Interview mit Christian Hofer, Direktor des Bundesamtes für Landwirtschaft (BLW)

Christian Hofer, wie lautet Ihr Fazit nach knapp zwei Jahren im Amt?
Es war ohne Zweifel ein unverwechselbarer Start am BLW. Wenige Monate nachdem ich mein Büro bezogen hatte, wechselten wir alle ins Home-Office. Leider wurde so ein spontaner Austausch mit den Mitarbeiterinnen und Mitarbeitern vor Ort verunmöglicht. Wir alle haben aber bewiesen, wie flexibel wir mit neuen Situationen umgehen können. Das verdient Respekt und Anerkennung. Inhaltlich standen während der letzten Monate wichtige agrarpolitische Geschäfte an. Die Agrarpolitik 22+ sowie die beiden Agrar-Initiativen vom Juni prägten unter anderem den Arbeitsalltag. Die Fülle der verschiedenen Aufgaben, die Verantwortung und den Gestaltungsspielraum schätze ich sehr. Die Ausrichtung der Agrarpolitik weiter zu begleiten und mitzugestalten, erachte ich als grosses Privileg. Die Gesellschaft und ihre Werte in Bezug auf eine nachhaltige Ernährung sind im Wandel. Der Schutz unserer natürlichen Ressourcen wird immer wichtiger. Diese Prozesse bringen neue Herausforderungen, die mich anspornen.

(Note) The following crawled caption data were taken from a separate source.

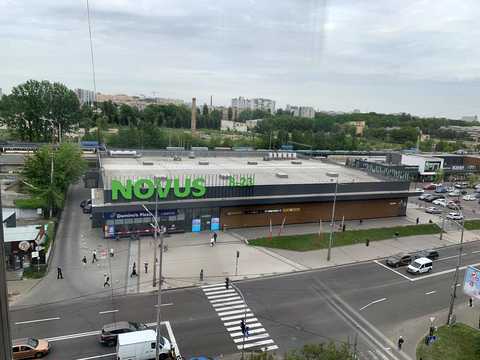 квартира за адресою Святошинська вул., 4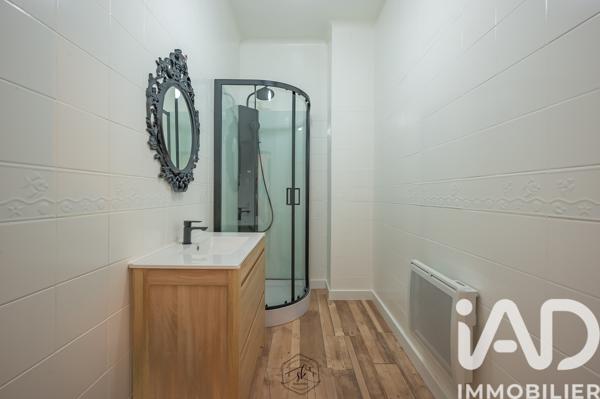 Maison à vendre 12 pièces 285 m² Gorcy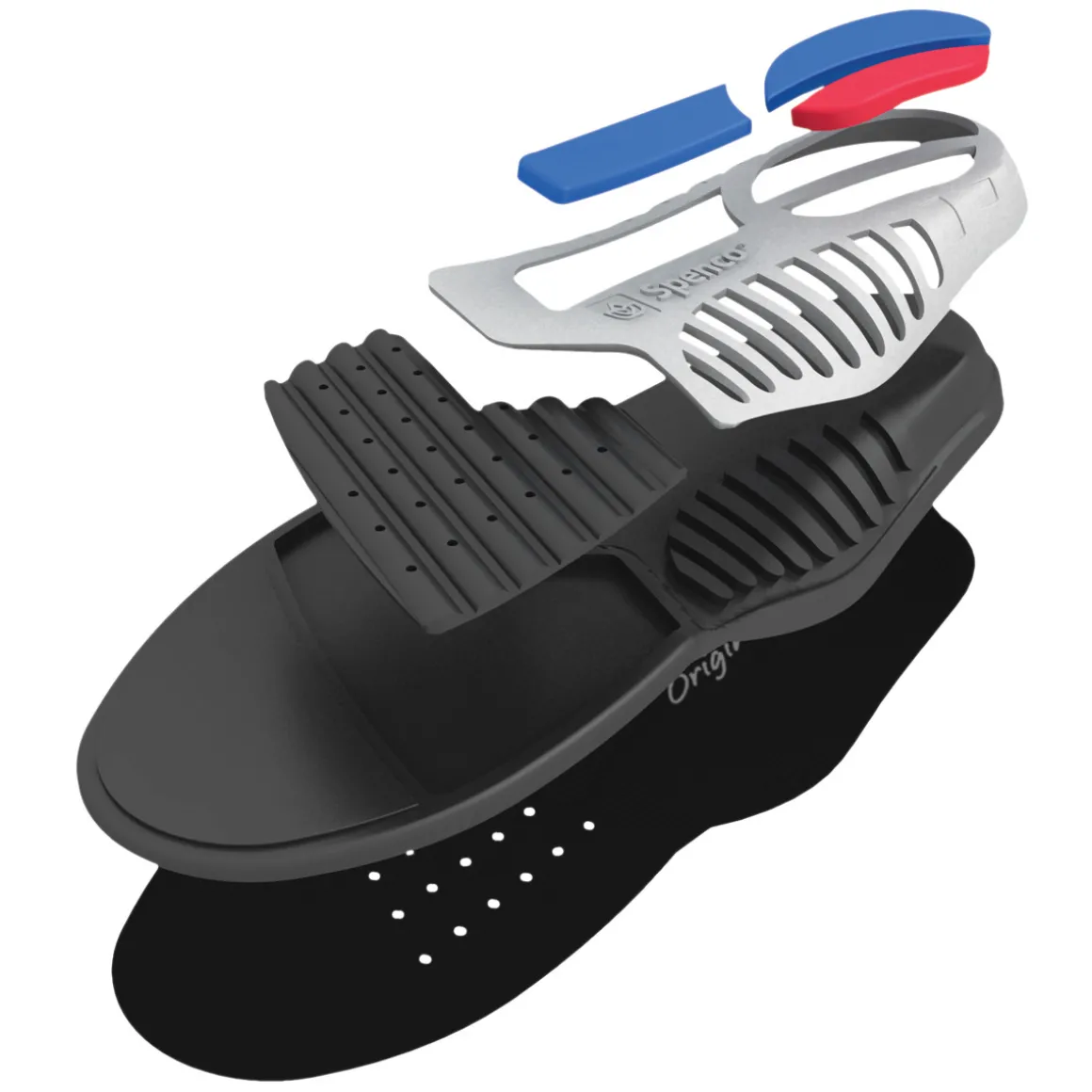 Total Support Original - Adult Insoles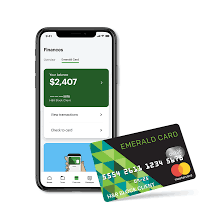 If you use your turbo account for all of your cash, then there may be nowhere else that you have money available. Emerald Card Login H R Block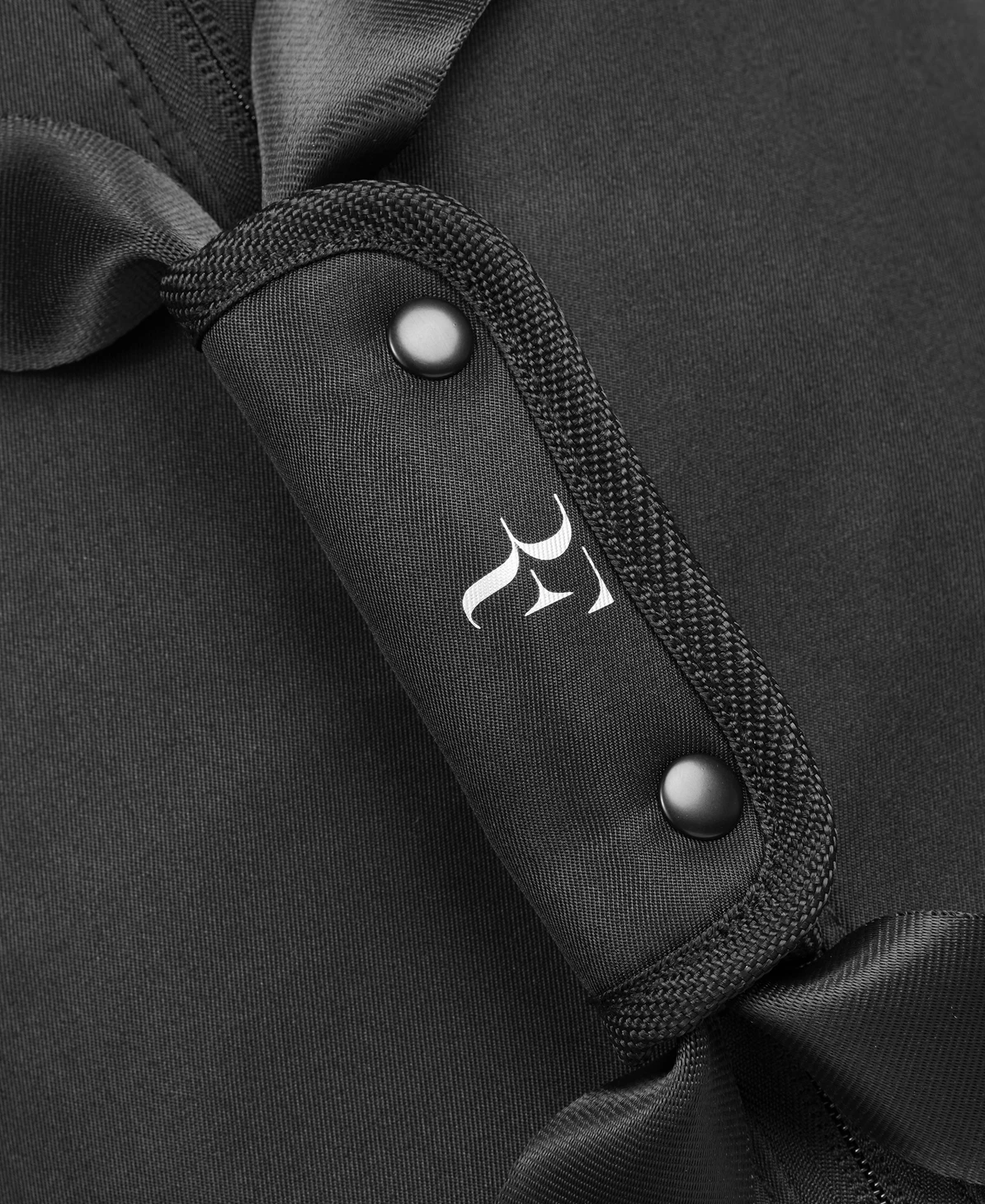 Geanta Wilson RF PRACTICE RACQUET BAG 6PK BLACK [9]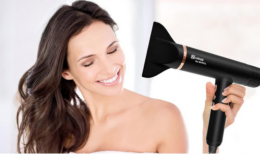 79% off Fast Drying Ionic Hair Dryer on Amazon | Amazing Reviews!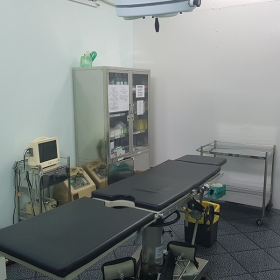 Viện thẩm mỹ Vianna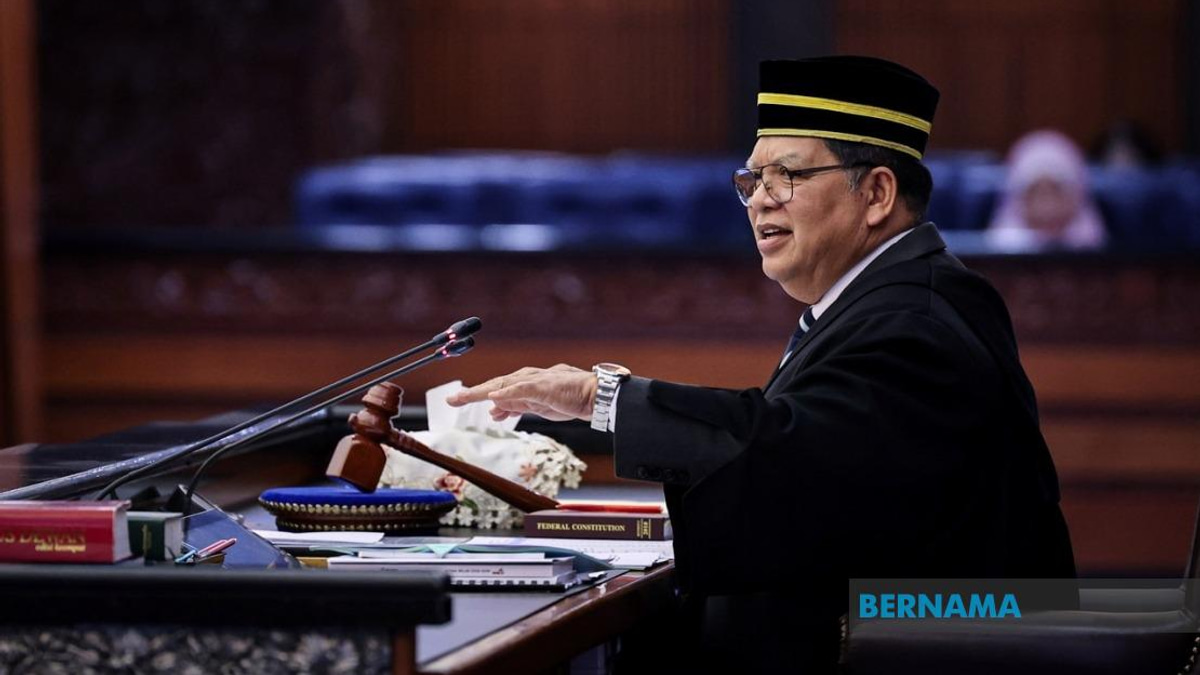 Parliament Completes 16-Day Sitting With 13 Bills Passed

Welche Bedeutung hat die Strategie StAR für Sie und für das Amt? Wie ist der Bezug dazu?
Antibiotikaresistenzen betreffen uns alle. Mit der Zunahme der Resistenzen gehen hochwirksame Medikamente für den Schutz der Gesundheit von Mensch und Tier verloren. Das BLW setzt sich dafür ein, damit die Landwirtschaft ihren Beitrag gegen Antibiotikaresistenzen leistet und die Bäuerinnen und Bauern den Antibiotikaeinsatz kontinuierlich und soweit als möglich reduzieren können. Projekte, welche die Tiergesundheit verbessern und den Antibiotikaverbrauch senken, werden gefördert und finanziell unterstützt. An solchen Projekten beteiligen sich Milchproduzenten, Kälber- und Rindermäster – und auch Schweinehalter. Ein konkretes Beispiel: Mit dem Ressourcenprojekt «gesunde Klauen – das Fundament für die Zukunft» soll die Klauengesundheit bei Rindvieh mit weniger Antibiotikaeinsatz verbessert werden. Die Landwirtinnen und Landwirte beteiligen sich sehr aktiv an den Projekten, weil es auch in ihrem Interesse ist, möglichst gesunde und robuste Tiere zu halten mit möglichst wenig Antibiotikaeinsatz. Für eine nachhaltige tierische Produktion ist die Tiergesundheit von entscheidender Bedeutung. Der Antibiotikaverbrauch in der landwirtschaftlichen Tierhaltung ist in den letzten zehn Jahren um 50 % zurückgegangen. Das ist beachtlich und ein sehr gutes Zeichen.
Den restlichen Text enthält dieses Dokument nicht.